COLUMN De markt sociale problemen laten oplossen? Dat kan

Veel burgers vinden dat de overheid het maar moet oplossen als er ergens een probleem is. Maar de slagkracht van de overheid is beperkt. De markt kan uitkomst bieden, maar vanzelf gaat dat niet. Hoogleraar Marcel Canoy ziet kansen.

Neem nu problemen waar burgers - zelfs met een goed netwerk - maar moeilijk zelf een oplossing voor kunnen vinden. We kennen problemen die maatschappelijk duur en niet makkelijk oplosbaar zijn. Denk aan verslaving of schulden. In 2020 werd becijferd dat het ons 17 miljard (!) kost om 3 miljard aan problematische schulden te saneren. Een van de redenen is dat we de schulden eerst flink laten oplopen, waarna een oplossing dan ingewikkelder wordt. Bizar.

Verslaving

Verslaving is ook al geen vrolijk verhaal. Alleen drugscriminaliteit kost jaarlijks al 3 tot 4 miljard. Tel daarbij op ziektekosten, verkeersongelukken, overlast en ziekteverzuim. Los van al het persoonlijke leed van verslaafden en schuldenaars en hun omgeving. Ook hier is vroeg ingrijpen beter, maar niet altijd eenvoudig te organiseren.

De overheid vindt beide problemen lastig. Schuldsanering is berucht ingewikkeld en versnipperd. Vele kabinetten deden pogingen zaken te stroomlijnen, maar veel soelaas heeft dat niet geboden. Verslavingszorg is niet altijd effectief en er zijn stevige wachtlijsten. Als de overheid dit niet kan fixen, kan de markt dan uitkomst bieden?

De markt

Het korte antwoord is: misschien. Het hangt er namelijk van af hoe je die markt organiseert. Stel dat een commerciële partij de schuldenmarkt betreedt onder de premisse dat die een schuldenaar efficiënter kan helpen dan de overheid. De commerciële partij in kwestie gaat dan geheid cherry picken. De gemakkelijke gevallen worden eruit gevist en de tarieven worden gecasht. Het is eigenlijk triest genoeg hoe nu de ggz werkt, zelfs zonder commerciële spelers, maar dit terzijde. Een ander risico is dat tarieven worden geïncasseerd, maar dat geen goede dienstverlening wordt geleverd. Dat zien we bij cowboys in de zorg al gebeuren.

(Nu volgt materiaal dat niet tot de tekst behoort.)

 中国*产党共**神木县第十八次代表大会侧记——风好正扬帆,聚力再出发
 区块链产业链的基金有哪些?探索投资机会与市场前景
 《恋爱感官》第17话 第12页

Er is een manier om cherry picken en kwaliteitserosie tegen te gaan

De gevolgen van deze praktijken zijn dat schuldenaars en verslaafden - vooral de ernstige gevallen – slecht geholpen worden. Als het businessmodel van de commerciële spelers lucratief is, wordt personeel weggezogen uit de publieke voorzieningen, die ook nog eens opgescheept worden met de ernstige gevallen, waar dan weer wachtlijsten voor ontstaan met alle gevolgen van dien voor betrokkenen en de maatschappij.

Slimme markten

Er is een manier om de beide problemen van cherry picken en kwaliteitserosie tegen te gaan. Voer acceptatieplicht in. Dat is misschien een zwaar middel, maar bij zorgverzekeraars bestaat het ook. Het verhindert dat commerciële partijen de krenten uit de pap halen en de overheid met de ernstige gevallen opgezadeld wordt. Als die partijen claimen dat ze slimmer dan de overheid zijn, mogen ze het laten zien. En geen smoesjes dat hun ‘unieke concept niet geschikt is voor persoon x of y’. Maar dan ben je er nog niet.

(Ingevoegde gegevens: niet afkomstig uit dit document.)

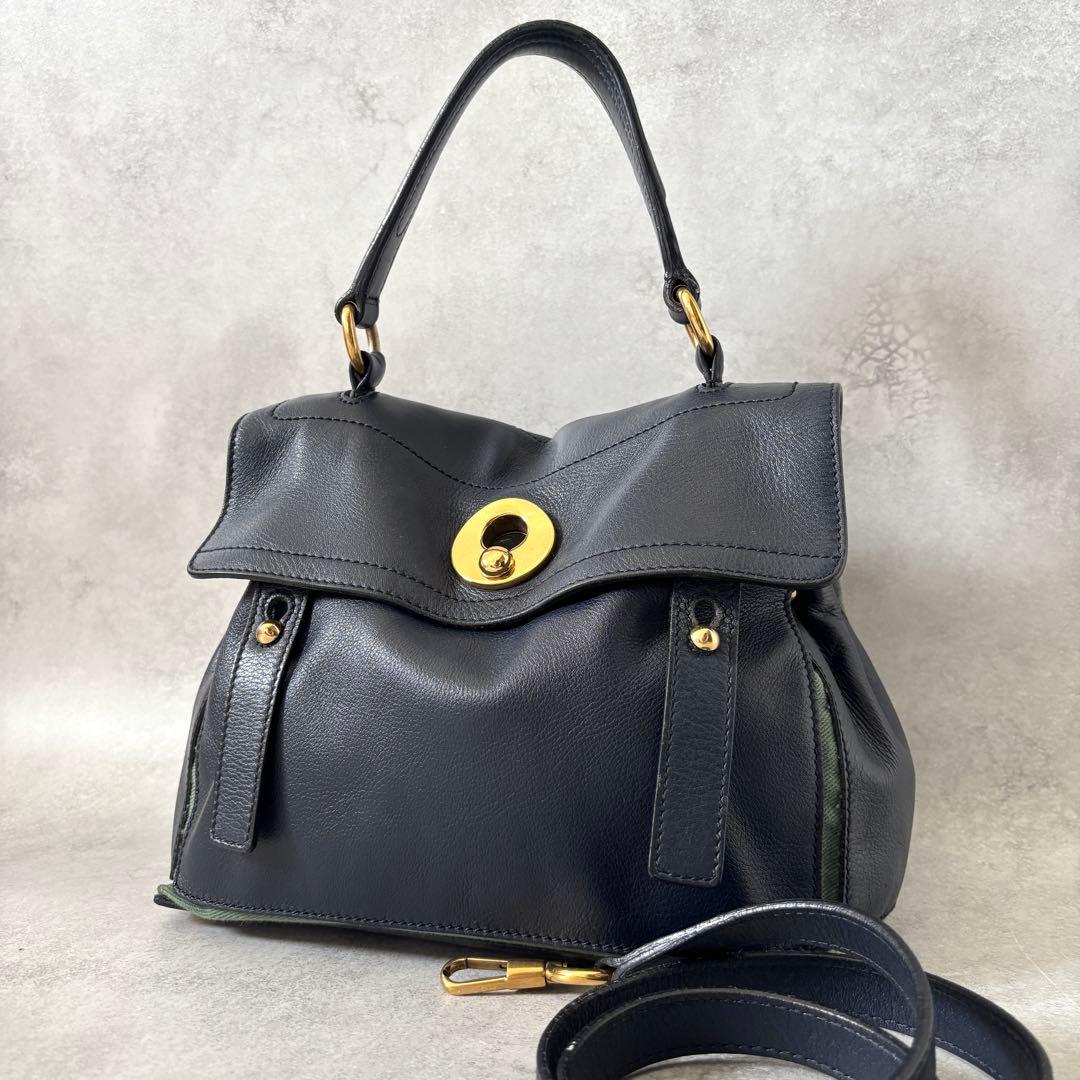 Saint Laurent Muse to 2-Way Handbag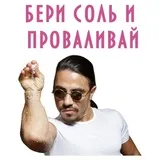 Sticker 21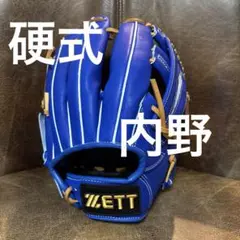 グローブ 硬式 ZETT ゼット 海外限定 野球 内野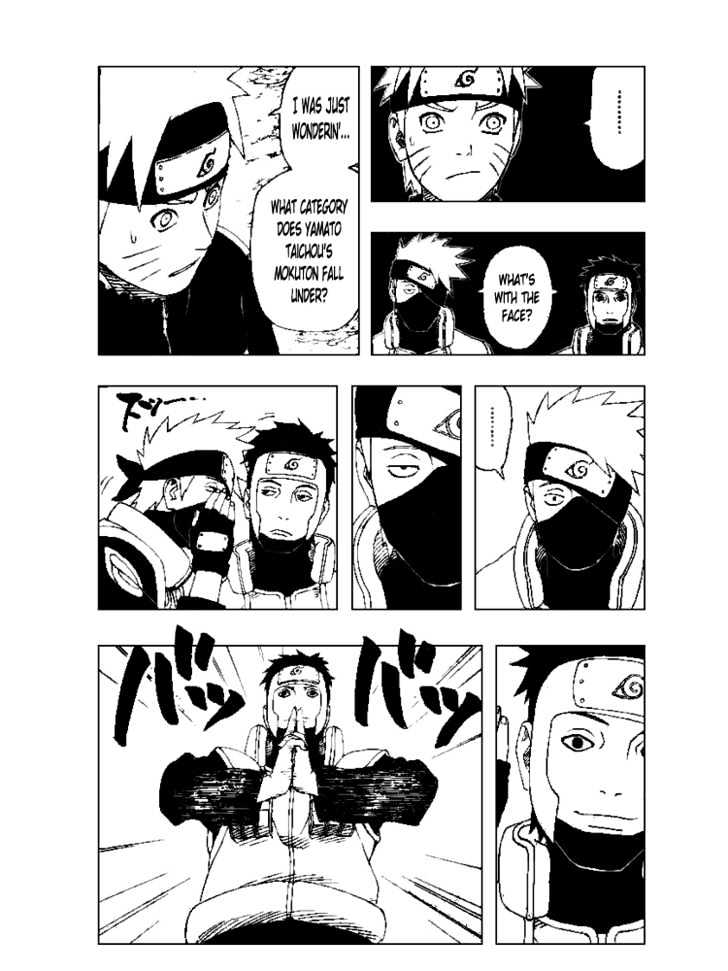 Page 4 of Chapter 316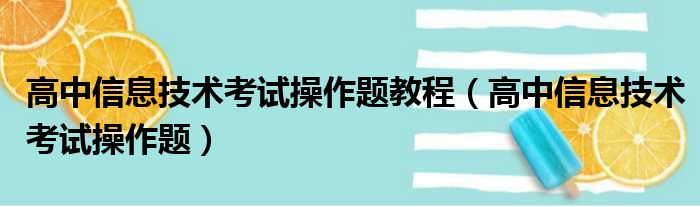 高中信息技术考试操作题教程（高中信息技术考试操作题）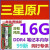 三星笔记本内存条8G 2133 2400 2666 3200 DDR4 16G 4代海力士 4G 褐色 2133MHz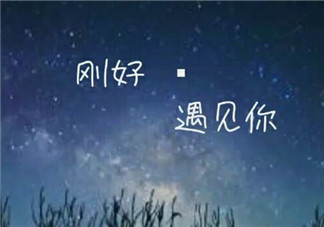 情人節(jié)發(fā)的說說句子 情人節(jié)秀恩愛的句子情話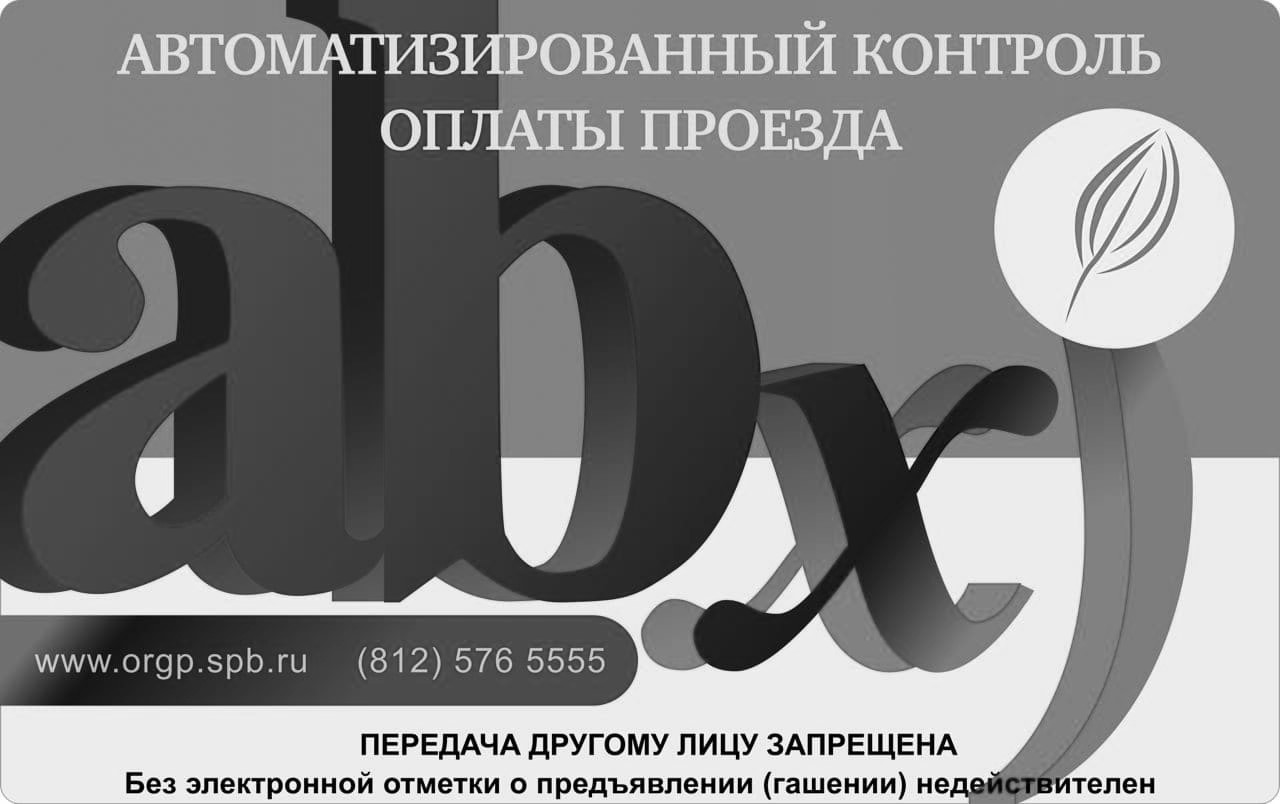 Сайт бск белгород. БСК логотип. БСК лого. БСК картинка. Логотип БСК Брянск.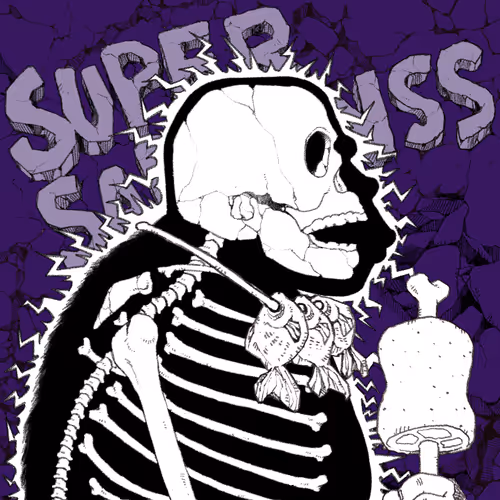 SUPER SAPIENSS NFT #3041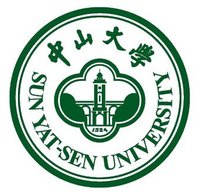 中山大学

Als social impact bonds goed worden vormgegeven, is het win-win

Acceptatieplicht helpt tegen cherry picken, maar niet tegen kwaliteitserosie. Het voordeel van schulden en verslaving is dat ze opgelost kunnen worden. Mensen zijn clean of de schulden zijn gesaneerd. Dat is te meten. Je kunt   afspraken maken met commerciële partijen dat ze op prestaties worden afgerekend en niet op inspanningen.

Social impact bonds

Een social impact bond is een contract tussen de overheid en een (al dan niet op winst gerichte) private partij, waarbij de private partij een soort no cure no pay-deal sluit. De ervaringen met de  social impact bonds zijn gemengd. Mijn sterke vermoeden is dat dat komt omdat de bonds ook worden ingezet op overheidsgebieden waar succes veel moeilijker te meten is. Sluwe commerciële partijen zullen er dan in slagen een slaatje te slaan uit de bonds.

Risico’s

Er zijn altijd risico’s verbonden aan het laten uitvoeren van overheidstaken door de markt. Dat is niets nieuws onder de zon. En er zijn altijd mensen die dit enge neoliberale globaliseringsterreur vinden (in dit geval overigens zonder één argument daarbij te noemen). Ik ben zelf wat rustiger op dit vlak. Het is goed oog te hebben voor de risico’s, geen instrumenten in te zetten op gebieden waar die risico’s groot of onbeheersbaar zijn. Maar de marktcritici hebben bij mij altijd één probleem: als de overheid jaar op jaar laat zien een bepaald probleem niet aan te kunnen, dan is dat toch ook een risico? Of is dat dan minder erg? Hopen we dan maar op het volgende kabinet? Het zal vaak ijdele hoop blijken.

Win-Win

Als social impact bonds goed worden vormgegeven, is het win-win. Wachtlijsten worden korter of mensen worden beter geholpen. Investeerders verdienen hun boterham en worden beloond voor het nemen van risico’s. En de overheid kan zich richten op dingen die de markt echt niet kan. Zowel bij schulden als bij verslaving zie ik geen fundamentele reden waarom een combinatie van social impact bonds en acceptatieplicht mis zou gaan. Ik zou zeggen: doen.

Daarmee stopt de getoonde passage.